Deep Sliding Shapes for Amodal 3D Object Detection in RGB-D Image

I saw this article two days ago, after reading it, I want to sort out my thoughts.
The author of this article is from Princeton, and the article was published in CVPR16, the original text is here.

Abstract

We focus on the task of amodal 3D object detection in RGB-D images , where the goal is to generate 3D bounding boxes of objects in metric form at the maximum scale. We introduce Deep Sliding Shapes, a 3D ConvNet formulation that takes as input a 3D stereoscopic scene in RGB-D images and outputs 3D object bounding boxes. In our approach, we propose the first 3D Region Proposal Network (RPN) to learn objectness from geometric shapes, and the first joint Object Recognition Network (ORN) to extract geometric features in 3D and colors in 2D feature. In particular, we regress 3D bounding boxes by training two different scales of modality-free RPN and ORN to handle objects of various sizes. Experiments show that our algorithm is 13.8 times better than the state-of-the-art in terms of mAP and is 200 times faster than the original "sliding shape". Source code and pre-trained models are provided .

In this article, the author focuses on the task of amodal object detection (amodal object detection) for RGB-D images, aiming to obtain the 3D bounding box of the object, and the complete bounding box of the target in the 3D world can be obtained . Not affected by truncation or occlusion.

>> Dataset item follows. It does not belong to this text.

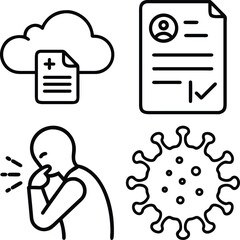 A collection of four simple line art icons representing cloud data, a patient medical record, a person coughing, and a virus.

At that time, the 2d-centric deep RCNN network was superior to the 3d-centric network, but the reason may be due to the strength of the ImageNet database and the maturity of the network design, so the author asked whether deep learning in 3d can provide A more robust detection method?

contribute

1. The 3D Region Proposal Network (RPN) is proposed for the first time;
insert image description here
2. The joint object recognition network (joint ORN) -----2D ConvNet is proposed for the first time to extract image features, and the 3D ConvNet provides deep geometric features;

3. The 3D frame is directly used for the first time, And experiments have been done to show that 3D ConvNet can better encode geometric features.
insert image description here
Secondly, the author also discusses 5 reasons why the algorithm is good :
Our design takes full advantage of 3D. Therefore, our algorithm naturally benefits from the following five aspects:
First , we can predict the 3D bounding box without the extra step of fitting the model from additional CAD data. Since the network can be directly optimized for the final goal, the pipeline can be greatly simplified, speeding up and improving performance.
Second , modality proposals are difficult to generate and recognize in 2D due to occlusions, limited field of view, and large size variations due to projections. But in 3D, since objects of the same category usually have similar physical dimensions, and the interference of occluders falls out of the window, our 3D sliding window proposal generation can naturally support pattern-free detection.
Third , by representing shapes in 3D, our ConvNet can learn meaningful 3D shape features in a better aligned space.
Fourth , in RPN, the receptive field in nature represents size naturally, which guides our architectural design.
Finally , we can exploit simple 3D context priors by using a "Manhattan world" assumption to define bounding box orientations.

process

1. 3D coding representation

In this paper, Truncated Signed Distance Function (TSDF) is used for 3D code representation, and the 3D space is converted into an equidistant 3D voxel grid. Using directional TSDF, each voxel stores [dx, dy, dz], and records three The distance of the closest surface in each direction, and then also use the projected TSDF to speed up the calculation.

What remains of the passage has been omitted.